When my son Josh was five years old, I was preparing for an extended ten-day trip away from home. Sadly anticipating my departure, he started to get antsy the day before I left. As I sat in my recliner reading the morning paper, he ran in a circle from the living room, through the dining room, kitchen, and hallway, and then back to the living room again. Each time he passed, my paper would blow in the breeze. On one of his passes, I looked up long enough to see him stop, get down on his hands and knees, and look frantically under the couch. Not finding what he was looking for, he got up and continued running. My curiosity got the better of me, and I asked him what he was doing. “I’m looking for something, Dad. . . something I want to give you before you go away on your trip!” I went back to reading my paper while his frantic search took him upstairs. I heard drawers and closets opening and closing. “What are you looking for, Josh? Maybe I can help you,” I yelled. “The round pointer, Dad. You know, that punkas. I’ll find it.” I had no clue what he was talking about. A few minutes passed, and his search brought him back downstairs. Then he yelled with excitement; he had found the object of his hunt.
Seconds later he climbed up on my lap. “Dad, I want you to take this with you when you go on your trip.” In his hand was a tiny plastic compass. “Why do you want me to have this, Josh?” “Because, Dad, you are going away for ten days. I want you to keep my punkas in your pocket so that you know where you are from, where you belong, and how to get back home.”

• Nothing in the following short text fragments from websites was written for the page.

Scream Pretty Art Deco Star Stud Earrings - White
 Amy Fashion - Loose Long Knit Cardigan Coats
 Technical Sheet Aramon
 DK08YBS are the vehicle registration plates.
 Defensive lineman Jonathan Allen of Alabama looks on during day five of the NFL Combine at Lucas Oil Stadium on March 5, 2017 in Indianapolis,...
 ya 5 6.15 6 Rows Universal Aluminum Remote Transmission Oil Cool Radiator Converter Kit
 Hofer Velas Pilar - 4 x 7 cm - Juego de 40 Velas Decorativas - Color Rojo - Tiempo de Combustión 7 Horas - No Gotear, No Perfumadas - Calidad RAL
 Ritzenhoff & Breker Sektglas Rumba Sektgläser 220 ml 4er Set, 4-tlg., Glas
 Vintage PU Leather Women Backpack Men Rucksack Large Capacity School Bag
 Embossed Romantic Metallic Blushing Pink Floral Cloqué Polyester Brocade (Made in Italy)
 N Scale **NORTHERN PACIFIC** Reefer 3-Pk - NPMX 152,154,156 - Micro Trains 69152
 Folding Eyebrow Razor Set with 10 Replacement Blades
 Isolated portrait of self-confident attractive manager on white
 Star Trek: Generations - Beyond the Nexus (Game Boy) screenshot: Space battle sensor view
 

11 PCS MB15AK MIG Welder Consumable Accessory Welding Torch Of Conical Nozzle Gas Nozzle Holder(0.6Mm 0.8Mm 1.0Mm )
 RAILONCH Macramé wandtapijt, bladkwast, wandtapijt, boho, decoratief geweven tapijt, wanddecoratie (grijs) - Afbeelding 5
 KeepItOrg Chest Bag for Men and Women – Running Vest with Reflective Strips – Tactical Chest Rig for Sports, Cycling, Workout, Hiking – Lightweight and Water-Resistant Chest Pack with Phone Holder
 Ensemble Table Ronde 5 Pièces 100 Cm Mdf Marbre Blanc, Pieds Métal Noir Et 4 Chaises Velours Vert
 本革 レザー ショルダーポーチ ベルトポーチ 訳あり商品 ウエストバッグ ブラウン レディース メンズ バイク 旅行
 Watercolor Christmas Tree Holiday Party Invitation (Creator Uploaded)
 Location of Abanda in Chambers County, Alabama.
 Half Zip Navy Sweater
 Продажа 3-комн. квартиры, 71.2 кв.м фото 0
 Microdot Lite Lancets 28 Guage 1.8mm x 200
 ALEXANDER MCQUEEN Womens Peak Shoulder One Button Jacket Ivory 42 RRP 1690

Tears filled my eyes. I wasn’t scheduled to leave until the next day, and already I felt like I had been gone too long. I kept that “punkas” in my pocket the entire time I was gone. . . and I have it in my pocket this morning.
In a world where there are many “experts” sharing conflicting opinions on the purpose of life and how to live our lives, it’s good to know that there is a “punkas” we can trust, handed to us by the One who created life. That “punkas” is the Word, both the incarnate Word Jesus Christ, and the written Word, the Bible. Together, Jesus Christ and God’s revelation of Himself in the Bible reveals what we need to know about everything we encounter on the journey.
What you have learned here at Simpson University is to love, serve, and follow the “punkas.” Can I challenge you to immerse yourself and your life in the “punkas” each every day when you leave here? And as you study God’s Word, never stop praying these three simple prayers. . .
- Show me you.
- Show me me.
- Show me your plan for me.
Simpson University Class of 2016. . . You have your whole life ahead of you and it will not turn out to be what you think it is going to be. There will be unforeseen great joys. There will be unforeseen great sorrows. Pursue faithfulness to Jesus Christ – who holds you close – and you will find yourself living the best script that today, April 16, 2016, you can’t even begin to imagine!
And, if two weeks from now you get the heave-ho. . . well. . . it will all work out.